Maybe no other words attributed to Jesus’ cause as much offense to ethical calculations as the Parable of the Workers in the Vineyard. He compares “the kingdom of heaven,” or the way things are when God sets the standards, to a situation in which hardworking, reliable people get shafted. Or do they?

This story starts with the rich young ruler in Matthew 19: 16-24, then Peter’s question in Matthew 19: 27. Jesus responds with this Parable: early in the morning, a landowner hires people to work in his vineyard for the standard daily wage. He hires additional people at 9am, noon, and 3pm and again at 5pm, telling each of these groups he wills them “whatever is right.” When the hot workday ends, he first pays the folks who labored only a single hour the standard daily wage, the same amount he pledged to those who worked nearly sunup to sunset. When the members of the full-day crew get to the front of the line, they receive the same amount, exactly what they were promised.

READ MATTHEW 20: 1-16

The full-day workers are understandably resentful. We aren’t told how the one-hour shift responds. Maybe they hustled back to their homes thinking the land owner might have a change of heart.

Meanwhile, dismayed accountants back in the vineyard probably start updating their resume`s.

The actions of the landowner are all kinds of crazy. They make no sense, at least from an economic perspective. Yet that’s the point. Jesus’ parables often include absurd behavior to deliver their message, which in this case is a characterization of what it means to call God “righteous” or “just.” When the landowner promises to pay “whatever is right,” his words mean “whatever is just.”

It’s a Parable about God’s Graciousness

So excessive is God’s tendency to give and care, it violates our instincts about fairness. Such justice looks rash. It almost makes God out as inattentive to the kinds of people who, just by going about their usual business, easily exceed humanity’s lowest common denominators for effort, morality and piety.

But, then again, the landowner does give the complaining workers exactly what he promised them.

It’s a story about people in need

We learn more about God when we travel deeper into the world the parable imagines and considers its other characters.

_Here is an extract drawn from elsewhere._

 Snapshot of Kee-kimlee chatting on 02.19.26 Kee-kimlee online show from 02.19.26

We have to ask about who receives extravagance from the landowner. Some may say that working in the fields is an allegory for serving God or toiling away in the ministries of the church. But those who are hired a 5pm suggests to me types of people other than those who sleep in on Sunday mornings.

After all, this parable draws all its force and illustrative potential from the dynamics of economic life. Whom, then, should we think the landowner encounters when he’s looking for workers late in the afternoon? What kind of people are the last to find jobs, added to the rolls only when there’s no more labor available? Nothing suggests that those characters in the parable are irresponsible or lazy. More likely, they are unwanted.

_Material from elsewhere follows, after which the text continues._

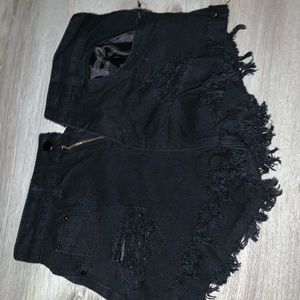Distressed high waisted shorts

Who spends the whole day waiting to be hired but doesn’t find success until the end of the day? In Jesus’ time, these would be the weak, infirm, and disabled, maybe the elderly also. And other targets of discrimination, such as criminals or anyone with a bad reputation.

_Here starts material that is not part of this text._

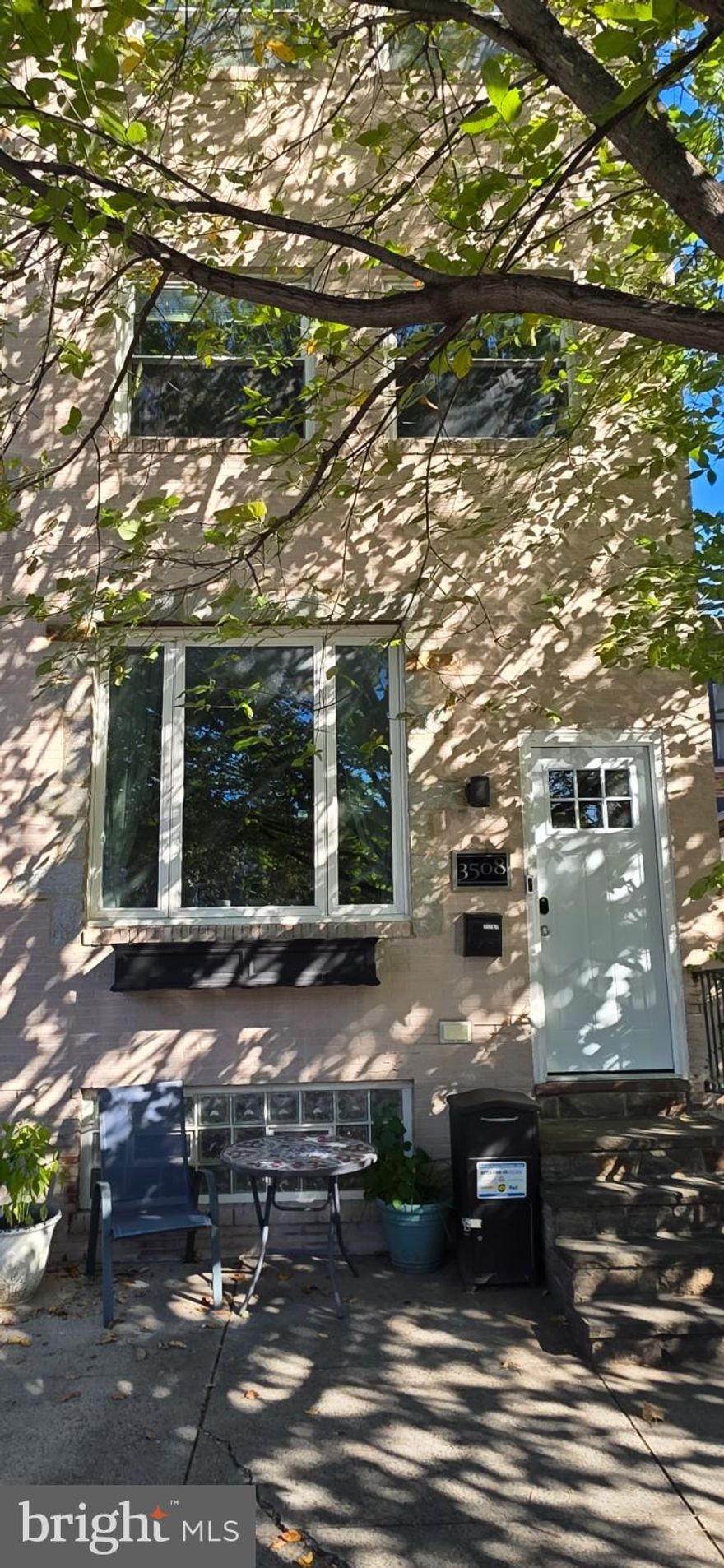 Large end-of-group townhome ready for a new owner.  Over 2,200 sq feet of living space above ground, plus a full-size basement that can be used as storage. Hardwood floors throughout. Eat-in kitchen with quartz countertops and stainless steel appliances. Large windows provide plenty of natural light. A rooftop deck and rear patio, perfect for entertaining. Close proximity to local establishments, shops, and much more. The seller is offering a 3% concession that can be used towards closing costs and /or inspection related improvements. This is a must-see!! Video tour available: https://youtu.be/fATEyTsdhX4?feature=shared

A God who is “just,” is inclined to show special generosity to the poor and outcast. No wonder the respectable people get anxious.

It’s a story about value

In the end, it’s not about unfair payments. At the parable’s conclusion, the full-day workers don’t moan that they have been cheated. They complain instead to the landowner, “You have made them (the one-hour workers) equal to us.”

It’s not the generosity or extravagance that makes them angry. Rather, the issue is this: By dealing generously with a group of people that no other manager in town considered worth the trouble of hiring, the landowner has made a clear declaration about their value and worth.

The landowner’s undue kindness thus denies the full-day laborers the bonus they think they can claim: a sense of privilege or superiority.

Discussion Questions:

 What is this parable about?

  • The parable makes it clear that the workers enter the kingdom of heaven when they are hired by the field owner. We enter the kingdom of heaven when God calls us and we accept his call.
  • Jesus uses an allegory. He compares the soon to come eternal reward process with the earthly reward process.

Who is the landowner?

  • The landowner in the allegory owns the field as God owns the earth. Both have absolute rights to do as they please.

Where and how did he get workers?

  • In the marketplace the workers are Christians, those who are true believers in Jesus.
  • We all have a job to do.
  • This world is God’s vineyard. He is raising fruit.

What can we learn here about God’s initiative of grace? (Matthew 9:9)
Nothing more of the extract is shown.